Badrawi won a seat in the assembly that he occupied before for five years, in which he headed the parliamentary committee on fields like the education and the scientific research. Within the party and in the parliament itself, Badrawi established several initiatives on education that strived to improve the educational system in Egypt. Badrawi started an extensive reform program for all the high school and the university levels, in which policy papers on education-related issues were made.

In addition, Badrawi became one of the members of the National Council for Human Rights in 2004 and stayed till 2007, where he helped head the council’s committee on issues regarding social rights. He also became a member of the board of trustees in the Bibliotheca Alexandria in Egypt.

Badrawi lost his seat in the parliament, when he ran again in 2005, when his own party played against him as he was known to be the opposition from within.

In 2010, Badrawi announced that he is philosophically against political position inheritance, yet he respects Democracy, he criticized the opposition for refusing to let Gamal Mubarak or any other civilian to run in the presidential elections so long as it is within democratic platform. Accordingly, one of his famous quotes is, “If President Hosni Mubarak doesn’t stand in 2011 elections, it’s natural that the NDP select One of its leaders as its candidate.”
One of his famous political positions was his refusal to extend the state of Emergency, against his party and government directions, and his call to change article 77 of the constitution to limit the presidency terms to 2 times only, a position that was not accepted neither by the president or the old guards of the ruling party.

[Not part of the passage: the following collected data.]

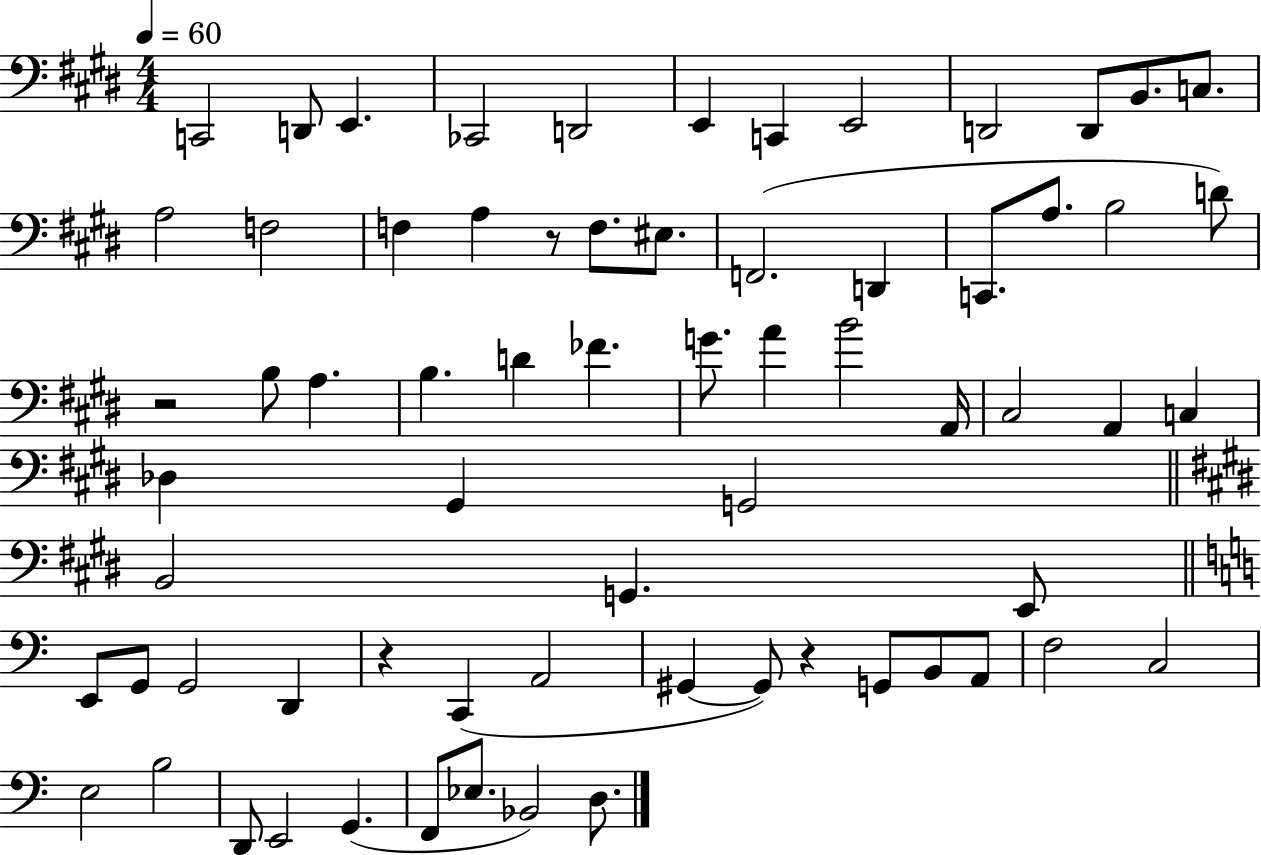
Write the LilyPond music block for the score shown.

{
  \clef bass
  \numericTimeSignature
  \time 4/4
  \key e \major
  \tempo 4 = 60
  c,2 d,8 e,4. | ces,2 d,2 | e,4 c,4 e,2 | d,2 d,8 b,8. c8. | \break a2 f2 | f4 a4 r8 f8. eis8. | f,2.( d,4 | c,8. a8. b2 d'8) | \break r2 b8 a4. | b4. d'4 fes'4. | g'8. a'4 b'2 a,16 | cis2 a,4 c4 | \break des4 gis,4 g,2 | \bar "||" \break \key e \major b,2 g,4. e,8 | \bar "||" \break \key a \minor e,8 g,8 g,2 d,4 | r4 c,4( a,2 | gis,4~~ gis,8) r4 g,8 b,8 a,8 | f2 c2 | \break e2 b2 | d,8 e,2 g,4.( | f,8 ees8. bes,2) d8. | \bar "|."
}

===25 January Revolution===
Badrawi was appointed by ex-president Hosni Mubarak, during the Egyptian revolution of 2011 on 5 February. He became the new secretary general of Hosni Mubarak's ruling NDP to replace NDP stalwart Safwat El-Sherif as party secretary general. On 11 February, less than a week after, he resigned from the position and the party. This was in attempt to still try and save the situation, when the protests intensified everywhere in Egypt. Badrawi announced his support to the revolution, by recommending Hosni Mubarak to step down, delegate his powers to vice president Omar Suleiman, and call for early elections, but Mubarak refused to make this move. One of the quotes that he announced regarding the advice he gave to Mubarak then was, “Egypt isn’t in need of tragic developments that don’t allow for economic development. We want work. We want companies to make profits and pay taxes. We want safety and stability.”

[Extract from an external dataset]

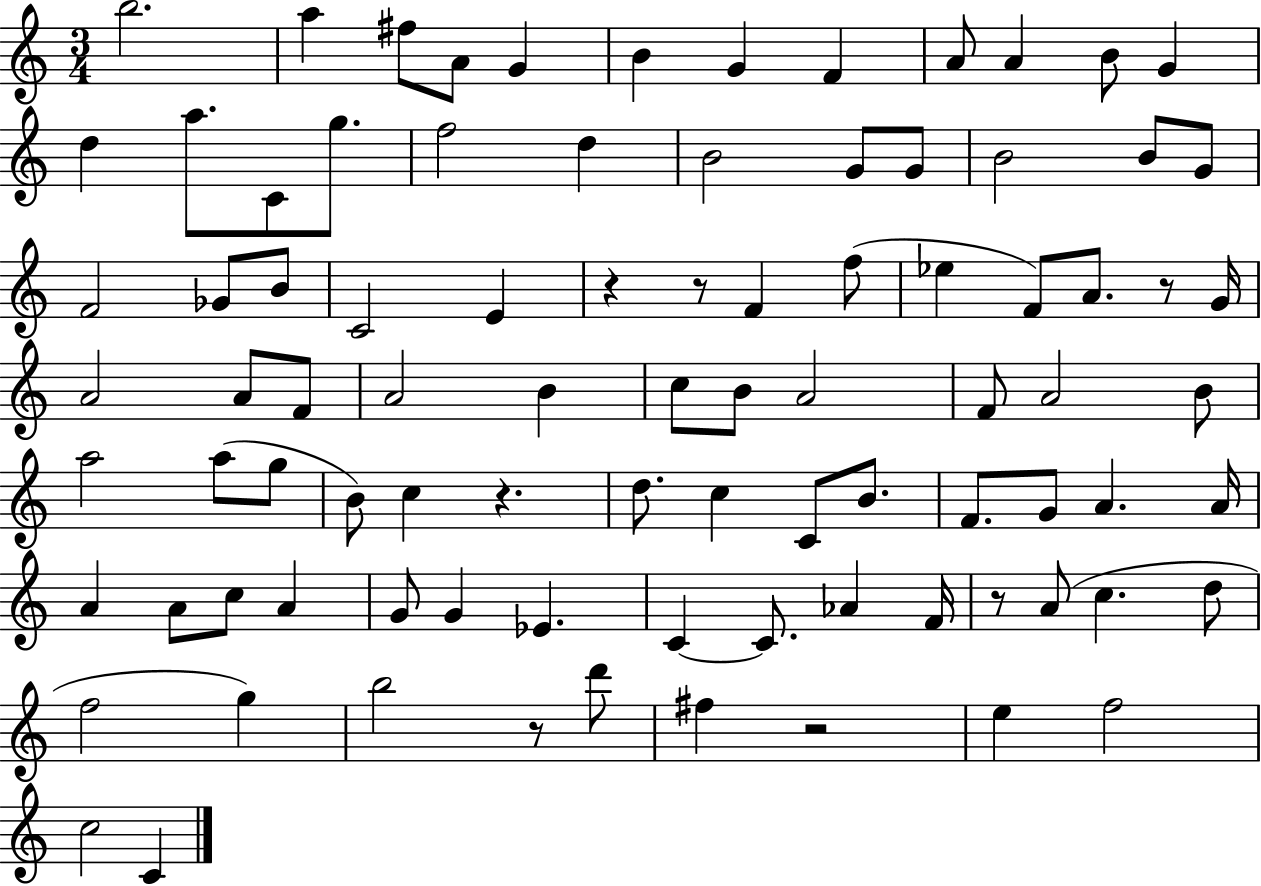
B5/h. A5/q F#5/e A4/e G4/q B4/q G4/q F4/q A4/e A4/q B4/e G4/q D5/q A5/e. C4/e G5/e. F5/h D5/q B4/h G4/e G4/e B4/h B4/e G4/e F4/h Gb4/e B4/e C4/h E4/q R/q R/e F4/q F5/e Eb5/q F4/e A4/e. R/e G4/s A4/h A4/e F4/e A4/h B4/q C5/e B4/e A4/h F4/e A4/h B4/e A5/h A5/e G5/e B4/e C5/q R/q. D5/e. C5/q C4/e B4/e. F4/e. G4/e A4/q. A4/s A4/q A4/e C5/e A4/q G4/e G4/q Eb4/q. C4/q C4/e. Ab4/q F4/s R/e A4/e C5/q. D5/e F5/h G5/q B5/h R/e D6/e F#5/q R/h E5/q F5/h C5/h C4/q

When Hosni Mubarak refused to resign and came out to his people with a speech on 10 February that said he was not leaving, Badrawi decided to resign the following day, 11 February.

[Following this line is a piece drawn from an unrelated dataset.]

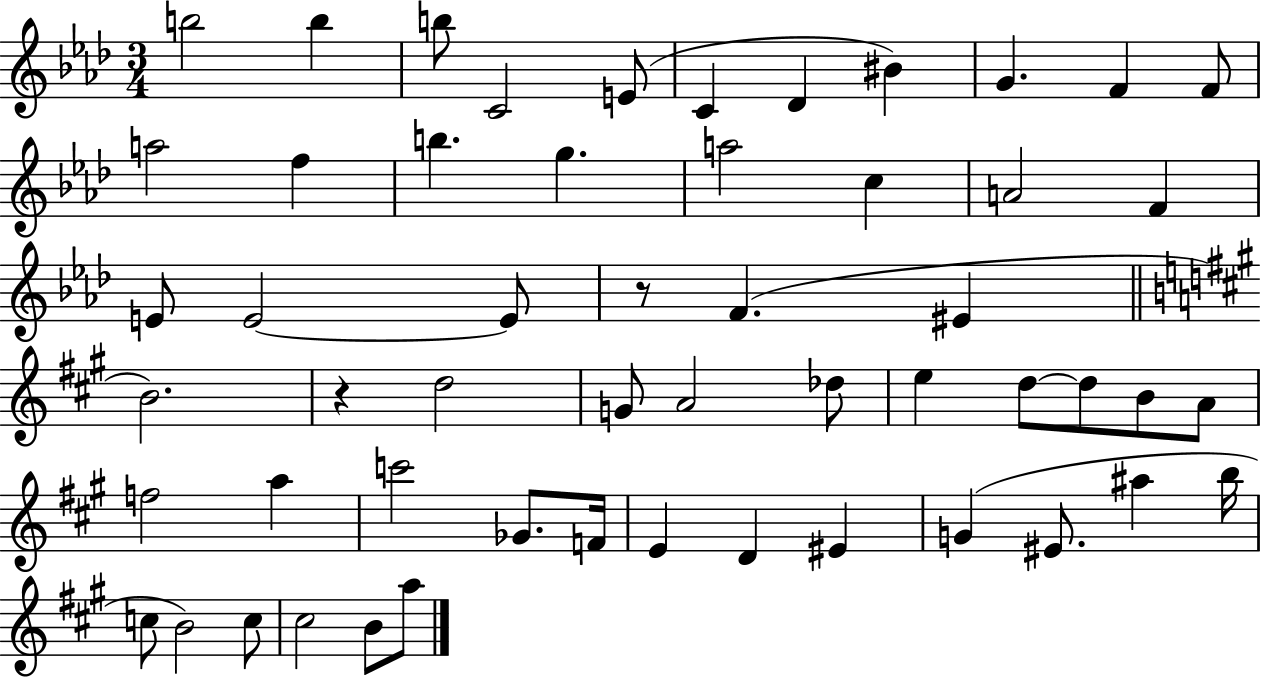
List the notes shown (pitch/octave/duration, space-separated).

B5/h B5/q B5/e C4/h E4/e C4/q Db4/q BIS4/q G4/q. F4/q F4/e A5/h F5/q B5/q. G5/q. A5/h C5/q A4/h F4/q E4/e E4/h E4/e R/e F4/q. EIS4/q B4/h. R/q D5/h G4/e A4/h Db5/e E5/q D5/e D5/e B4/e A4/e F5/h A5/q C6/h Gb4/e. F4/s E4/q D4/q EIS4/q G4/q EIS4/e. A#5/q B5/s C5/e B4/h C5/e C#5/h B4/e A5/e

===After the Revolution===
After the revolution, Badrawi focused on domestic politics. He played an important role in the formation of Misr AlNahda Party (Egypt Renaissance). He also joined intellectuals and businessmen to start the Ittihad (Union) Party. Those two parties are thought to be aiming for economic and political liberalization.
He had a strict political position against the rule of Mosley Brotherhoods, and appeared in many TV interviews to announce his position.
Badrawi kept actively his social non profit commitments via 4 major organizations he founded over years : Takatof, an NGO, building schools for the poor. He deliver a school every 7 months to the govenement. ENCC, (Egyptian National Competitive Council), Education First Foundation, for teacher training and Dreamers of Tomorrow Foundation, a youth organization for human development. All organization are part of the family Badrawi Foundation for Education & Development.
Badrawi published the second & third editions of his book " Education, is the only chance for reform " التعليم الفرصة للإنقاذ. He also published a book ‘ the man of the storm" رحل العاصفة ، and a book about his conversations with the youth about enlightenment ‘ علي مقهي الحالمون بالغد..
He published since 2011, 156 articles in the newspapers in politics, social 7 economic affairs, and enlightenment.